A stretch of the entries below is to be set down exactly, running from the line with "BIMIN Tab c/30" through the line with "Au Cheval Noir餐厅图片", both included, and no other line.
= = =
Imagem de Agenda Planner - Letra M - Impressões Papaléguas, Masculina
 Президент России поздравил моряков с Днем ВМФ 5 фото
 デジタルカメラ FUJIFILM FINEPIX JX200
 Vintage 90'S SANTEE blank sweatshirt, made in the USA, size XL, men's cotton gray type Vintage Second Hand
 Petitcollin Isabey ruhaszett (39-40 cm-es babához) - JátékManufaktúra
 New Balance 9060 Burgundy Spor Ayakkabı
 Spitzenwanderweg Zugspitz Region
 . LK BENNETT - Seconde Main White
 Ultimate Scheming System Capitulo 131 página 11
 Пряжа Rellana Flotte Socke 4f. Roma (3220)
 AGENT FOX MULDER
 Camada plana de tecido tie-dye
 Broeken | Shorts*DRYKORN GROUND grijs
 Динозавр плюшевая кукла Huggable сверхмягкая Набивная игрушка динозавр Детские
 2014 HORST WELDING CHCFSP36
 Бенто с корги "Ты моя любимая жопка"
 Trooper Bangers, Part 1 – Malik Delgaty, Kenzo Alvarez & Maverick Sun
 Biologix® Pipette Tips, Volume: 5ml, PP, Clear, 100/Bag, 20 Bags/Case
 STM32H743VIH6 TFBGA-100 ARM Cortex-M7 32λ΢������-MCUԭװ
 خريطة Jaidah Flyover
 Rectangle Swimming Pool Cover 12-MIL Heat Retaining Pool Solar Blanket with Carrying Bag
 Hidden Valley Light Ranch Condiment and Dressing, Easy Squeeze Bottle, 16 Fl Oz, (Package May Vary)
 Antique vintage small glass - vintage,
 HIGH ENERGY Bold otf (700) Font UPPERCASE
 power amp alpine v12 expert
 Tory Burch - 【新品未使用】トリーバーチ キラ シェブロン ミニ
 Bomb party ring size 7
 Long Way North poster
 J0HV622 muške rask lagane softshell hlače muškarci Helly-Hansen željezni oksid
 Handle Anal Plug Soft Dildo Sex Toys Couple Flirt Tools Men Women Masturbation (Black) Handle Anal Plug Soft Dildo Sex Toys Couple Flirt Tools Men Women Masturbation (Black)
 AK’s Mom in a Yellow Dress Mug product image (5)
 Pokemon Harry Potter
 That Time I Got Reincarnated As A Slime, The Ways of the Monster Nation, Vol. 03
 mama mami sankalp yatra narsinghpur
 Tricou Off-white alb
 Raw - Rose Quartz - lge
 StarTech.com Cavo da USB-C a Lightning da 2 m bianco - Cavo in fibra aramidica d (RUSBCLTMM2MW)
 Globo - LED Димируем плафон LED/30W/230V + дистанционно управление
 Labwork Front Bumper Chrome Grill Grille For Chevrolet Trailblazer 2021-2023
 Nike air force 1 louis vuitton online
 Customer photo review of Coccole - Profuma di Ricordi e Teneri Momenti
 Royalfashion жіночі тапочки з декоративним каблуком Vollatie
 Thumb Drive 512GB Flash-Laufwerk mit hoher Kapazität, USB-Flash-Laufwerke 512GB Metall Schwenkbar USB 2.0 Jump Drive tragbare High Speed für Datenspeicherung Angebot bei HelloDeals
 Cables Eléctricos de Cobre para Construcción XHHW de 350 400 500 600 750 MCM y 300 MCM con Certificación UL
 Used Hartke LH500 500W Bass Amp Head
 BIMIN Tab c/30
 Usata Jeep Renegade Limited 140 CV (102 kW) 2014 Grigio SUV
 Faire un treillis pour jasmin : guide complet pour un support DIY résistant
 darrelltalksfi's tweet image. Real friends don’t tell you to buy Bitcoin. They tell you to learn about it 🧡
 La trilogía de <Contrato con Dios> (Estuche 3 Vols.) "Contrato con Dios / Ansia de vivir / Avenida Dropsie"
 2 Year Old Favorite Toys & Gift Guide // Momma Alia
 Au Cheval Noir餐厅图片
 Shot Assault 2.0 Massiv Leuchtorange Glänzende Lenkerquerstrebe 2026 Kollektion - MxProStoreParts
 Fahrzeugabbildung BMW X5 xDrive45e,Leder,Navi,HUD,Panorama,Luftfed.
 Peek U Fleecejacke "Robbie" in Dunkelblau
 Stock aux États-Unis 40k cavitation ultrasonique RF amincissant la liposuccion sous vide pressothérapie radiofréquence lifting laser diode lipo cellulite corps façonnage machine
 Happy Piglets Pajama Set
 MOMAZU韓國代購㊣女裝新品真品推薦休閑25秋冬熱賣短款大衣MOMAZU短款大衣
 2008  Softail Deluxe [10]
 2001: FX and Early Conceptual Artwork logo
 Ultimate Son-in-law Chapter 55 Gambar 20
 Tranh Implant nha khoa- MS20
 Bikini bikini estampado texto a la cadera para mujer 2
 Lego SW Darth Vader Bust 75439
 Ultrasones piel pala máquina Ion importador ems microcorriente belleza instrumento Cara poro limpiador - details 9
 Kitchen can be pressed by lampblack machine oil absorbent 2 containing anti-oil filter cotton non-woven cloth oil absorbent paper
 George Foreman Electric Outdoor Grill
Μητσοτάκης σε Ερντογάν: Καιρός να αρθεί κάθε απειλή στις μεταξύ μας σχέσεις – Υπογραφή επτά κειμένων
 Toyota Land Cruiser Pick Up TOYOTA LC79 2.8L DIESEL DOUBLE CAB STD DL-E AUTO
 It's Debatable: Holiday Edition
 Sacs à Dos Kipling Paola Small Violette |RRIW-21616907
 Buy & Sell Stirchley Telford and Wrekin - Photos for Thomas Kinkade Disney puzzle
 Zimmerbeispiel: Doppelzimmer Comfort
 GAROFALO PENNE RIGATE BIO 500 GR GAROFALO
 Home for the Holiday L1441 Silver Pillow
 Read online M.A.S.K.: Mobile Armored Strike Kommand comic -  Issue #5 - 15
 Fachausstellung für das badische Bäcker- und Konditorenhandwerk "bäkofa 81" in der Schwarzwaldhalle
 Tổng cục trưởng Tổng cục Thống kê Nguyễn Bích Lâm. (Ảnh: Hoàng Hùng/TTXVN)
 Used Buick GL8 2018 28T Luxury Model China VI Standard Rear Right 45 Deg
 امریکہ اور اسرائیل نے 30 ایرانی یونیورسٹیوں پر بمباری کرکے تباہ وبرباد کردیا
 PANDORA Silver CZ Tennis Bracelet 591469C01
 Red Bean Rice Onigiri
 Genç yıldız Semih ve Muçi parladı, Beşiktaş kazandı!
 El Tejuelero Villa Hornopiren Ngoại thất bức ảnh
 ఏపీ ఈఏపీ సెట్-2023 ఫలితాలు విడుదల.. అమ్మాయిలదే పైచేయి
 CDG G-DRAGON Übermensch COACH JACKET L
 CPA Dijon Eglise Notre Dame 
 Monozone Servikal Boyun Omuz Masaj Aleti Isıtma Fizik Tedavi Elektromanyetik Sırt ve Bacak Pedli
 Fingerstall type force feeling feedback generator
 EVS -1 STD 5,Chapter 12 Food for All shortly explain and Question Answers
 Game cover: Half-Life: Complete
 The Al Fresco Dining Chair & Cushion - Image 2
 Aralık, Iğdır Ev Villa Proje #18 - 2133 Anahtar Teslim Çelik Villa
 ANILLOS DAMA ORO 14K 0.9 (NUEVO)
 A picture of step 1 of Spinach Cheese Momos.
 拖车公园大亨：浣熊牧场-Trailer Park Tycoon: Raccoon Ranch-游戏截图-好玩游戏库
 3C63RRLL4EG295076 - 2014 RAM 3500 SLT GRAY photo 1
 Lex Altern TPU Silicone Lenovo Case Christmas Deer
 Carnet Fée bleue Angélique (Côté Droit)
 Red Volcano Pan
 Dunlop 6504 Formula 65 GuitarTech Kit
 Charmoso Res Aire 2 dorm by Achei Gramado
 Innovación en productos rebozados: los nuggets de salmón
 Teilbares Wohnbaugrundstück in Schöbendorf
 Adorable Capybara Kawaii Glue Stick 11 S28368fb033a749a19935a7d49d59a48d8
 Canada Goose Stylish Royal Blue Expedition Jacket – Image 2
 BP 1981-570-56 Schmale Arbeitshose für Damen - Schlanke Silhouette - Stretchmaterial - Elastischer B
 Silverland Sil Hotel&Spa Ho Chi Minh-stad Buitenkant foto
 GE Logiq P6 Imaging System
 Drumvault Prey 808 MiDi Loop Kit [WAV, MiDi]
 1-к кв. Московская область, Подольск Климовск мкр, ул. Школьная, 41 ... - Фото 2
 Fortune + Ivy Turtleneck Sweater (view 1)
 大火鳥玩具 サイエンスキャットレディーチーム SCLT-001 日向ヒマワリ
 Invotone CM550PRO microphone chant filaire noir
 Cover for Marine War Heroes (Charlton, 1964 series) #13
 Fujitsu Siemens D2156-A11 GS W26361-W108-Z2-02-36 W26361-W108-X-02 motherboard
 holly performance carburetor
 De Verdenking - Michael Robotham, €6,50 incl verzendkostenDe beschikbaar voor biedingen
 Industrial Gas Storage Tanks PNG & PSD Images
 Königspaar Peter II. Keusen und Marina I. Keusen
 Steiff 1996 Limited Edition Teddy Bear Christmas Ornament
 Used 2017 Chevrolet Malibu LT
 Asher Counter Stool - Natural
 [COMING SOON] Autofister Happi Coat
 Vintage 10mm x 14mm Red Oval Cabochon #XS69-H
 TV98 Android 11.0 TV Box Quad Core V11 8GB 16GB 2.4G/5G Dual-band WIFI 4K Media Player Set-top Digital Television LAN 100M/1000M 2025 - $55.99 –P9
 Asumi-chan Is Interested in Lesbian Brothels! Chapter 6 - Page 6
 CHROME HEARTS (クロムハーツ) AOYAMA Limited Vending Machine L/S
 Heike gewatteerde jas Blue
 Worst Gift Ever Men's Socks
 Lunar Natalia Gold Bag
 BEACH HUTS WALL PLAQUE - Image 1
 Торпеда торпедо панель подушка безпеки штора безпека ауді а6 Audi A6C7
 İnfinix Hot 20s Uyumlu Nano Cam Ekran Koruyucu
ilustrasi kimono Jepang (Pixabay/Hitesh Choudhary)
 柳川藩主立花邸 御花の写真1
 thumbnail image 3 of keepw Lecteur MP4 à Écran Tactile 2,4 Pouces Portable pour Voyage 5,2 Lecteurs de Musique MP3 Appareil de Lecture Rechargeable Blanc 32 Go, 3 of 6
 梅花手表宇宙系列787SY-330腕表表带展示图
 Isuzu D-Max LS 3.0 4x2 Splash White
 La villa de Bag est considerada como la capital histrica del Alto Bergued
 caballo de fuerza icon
= = =
» EXPECTED OUTPUT:
 BIMIN Tab c/30
 Usata Jeep Renegade Limited 140 CV (102 kW) 2014 Grigio SUV
 Faire un treillis pour jasmin : guide complet pour un support DIY résistant
 darrelltalksfi's tweet image. Real friends don’t tell you to buy Bitcoin. They tell you to learn about it 🧡
 La trilogía de <Contrato con Dios> (Estuche 3 Vols.) "Contrato con Dios / Ansia de vivir / Avenida Dropsie"
 2 Year Old Favorite Toys & Gift Guide // Momma Alia
 Au Cheval Noir餐厅图片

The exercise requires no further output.